The fun stuff really starts when you show students that light has properties of mass — it can knock electrons out of crystals in something called the photoelectric effect (seen in solar cells). I would yell at the same crystal and show that sound could not do that. We would then show that while light has momentum and thus properties of mass, when light stops it has no mass. Shining a light on someone does not cause them to gain weight. The final teaser was to show that light can be polarized — made to vibrate in one plane. We would make our own 3-D pictures using the simple polarizers we had in the lab, or show how polarized sunglasses work. We would then show that light is two dimensional — it has an X and a Y component but no Z component.
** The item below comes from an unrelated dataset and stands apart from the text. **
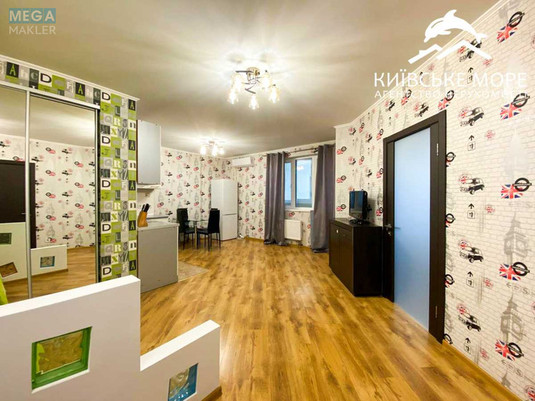 Оренда 2 кімнатної квартири, <a class="location-link" href="/kiev/" title="Недвижимость Київ">Київ</a>, <a class="location-link" href="/kiev/dneprovskij/" title="Недвижимость Дніпровський район">Дніпровський р-н</a>, Перова бульв., 10А (изображение 2)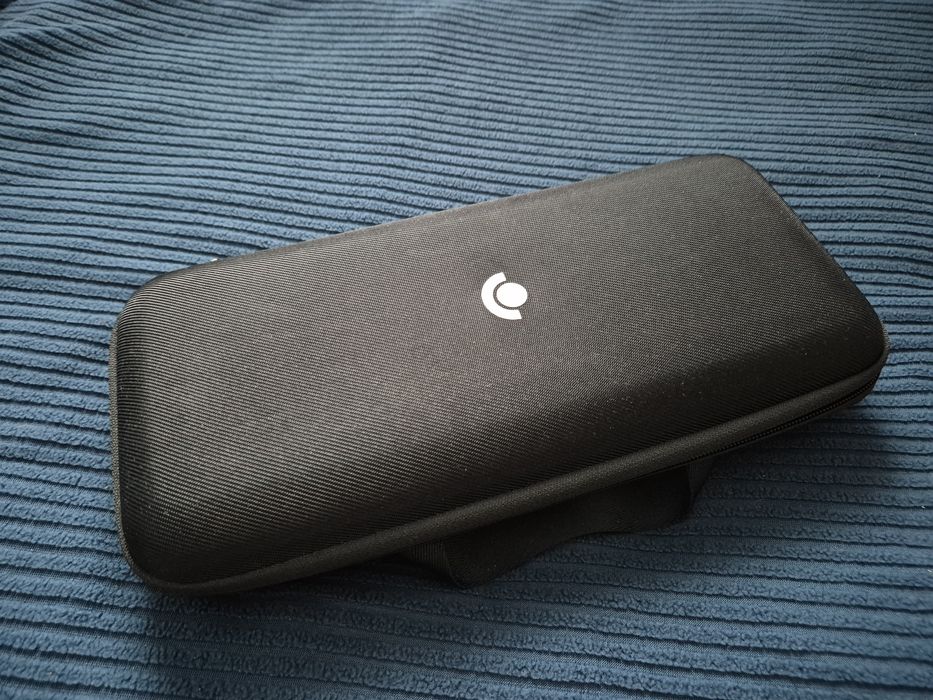 Steam Deck 64GB + karta 256GB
We would also see that light comes in all kinds of frequencies just as sound does, and that anything you can do with visible light you can do with radio waves, X-rays, microwaves, or infrared radiation.

The question of how light can be a wave and a particle has perplexed the minds of scientists for centuries. The fact that it has these properties allows us to have all of the technology and modern conveniences that we enjoy today. It is also, of course, what gives us the beautiful sensation of color and sight. I had one student many years ago who was trying to grasp all of this and apply it to a problem-solving exercise the students were working on. He looked up at me in bewilderment and said “Who thought all of this stuff up?” He then brightened and smiled and said, “Never mind, I think I just answered my own question.” The simple phrase “Let there be light” is an incredibly complex command.